THE DEFENDANT’S DIFFICULTY
The primary difficulty the defendant had was that it had not objected to the use of the multiplier at trial.
That is not conclusive of the separate question whether we should uphold the judge’s adoption of the Claimant’s lifetime multiplier rather than the father’s. However at trial the Defendant raised no objection to this aspect of the Claimant’s proposed calculation of the award, in the event that it was made. After the judgement had been circulated in draft before hand-down Mr Seabrook invited the judge to consider whether it was her intention to apply the Claimant’s lifetime multiplier, 28.43, on a second home for Mr Manna, as opposed to Mr Manna’s own lifetime multiplier, which would be of the order of 14.90. The judge declined to alter her draft judgment.
In seeking permission to appeal on this point Mr Seabrook sought to justify not having raised the point at trial by pointing out that the Defendant had perhaps focused on simply defeating the claim which it regarded as lacking merit and unlikely to succeed. The judge regarded that as a tactical assessment.
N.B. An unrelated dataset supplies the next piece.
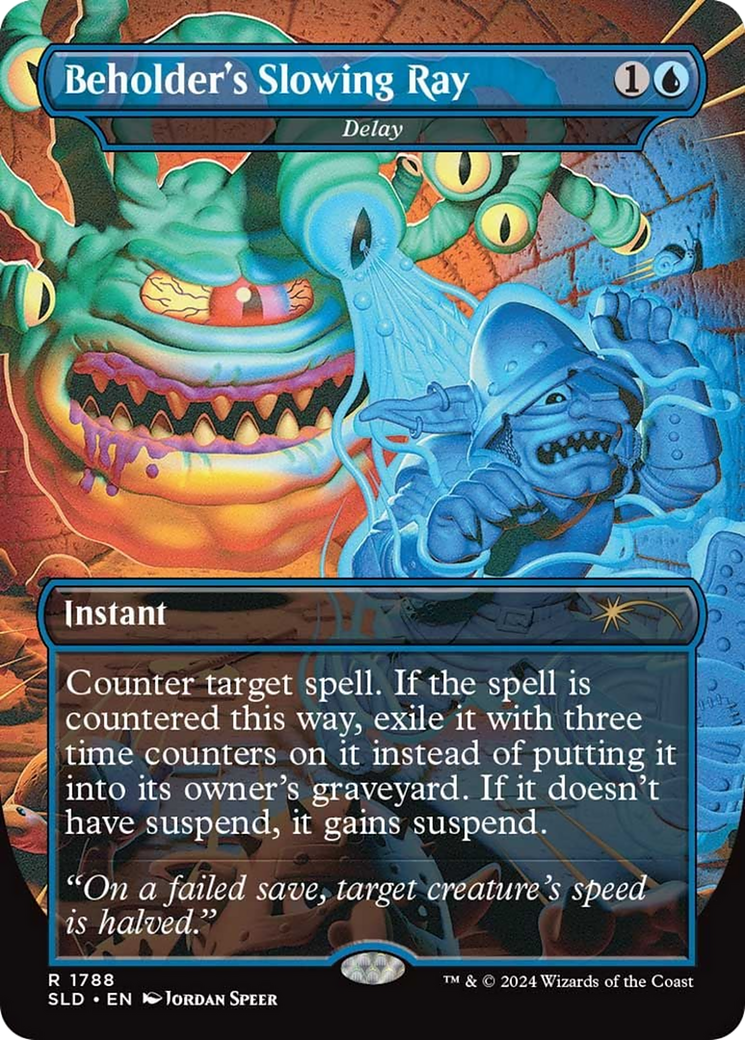 Image of Delay (SLD-1788) - Secret Lair Drop / Beholder's Slowing Ray (Borderless) Foil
Whether the course adopted was deliberate or the product of oversight, it is optimistic on the part of professional litigators represented by specialist solicitors and extremely senior counsel vastly experienced in the field to seek to revisit a critical aspect of the calculation which they have not challenged at trial. Mr Sweeting is able to submit with some force that had this point been taken below the Claimant would or might have explored further the question whether suitable provision might be made by some funding structure other than that established in Roberts v Johnstone. One possibility might have been an alternative structure based upon the Claimant claiming the costs of purchasing and adapting the property based upon Mr Manna having a life interest with ownership of the property reverting to the Defendant on the death of his father.
A BACK UP POSITION IN THE COUNTER-SCHEDULE
This case emphasises the importance of a defendant having a back-up position which should be set out in a counter-schedule.
- The defendant concentrated all its fire on the question whether a second home should be provided.
- The defendant did not, until after the judgment, have a back up position in relation to the principles that should be adopted if a second home was allowed.
- This could be a legitimate tactical decision. However it did then lead the defendant with major (and as it transpired insurmountable) difficulties once the judge had decided against it on the issue.
It is worthwhile going back to Practice Direction 16 which specifically imposes a duty to supply alternative figures in the counter-schedule. This case shows that a failure to supply alternative figures can (and most probably will) mean the defendant cannot argue for alternative calculations.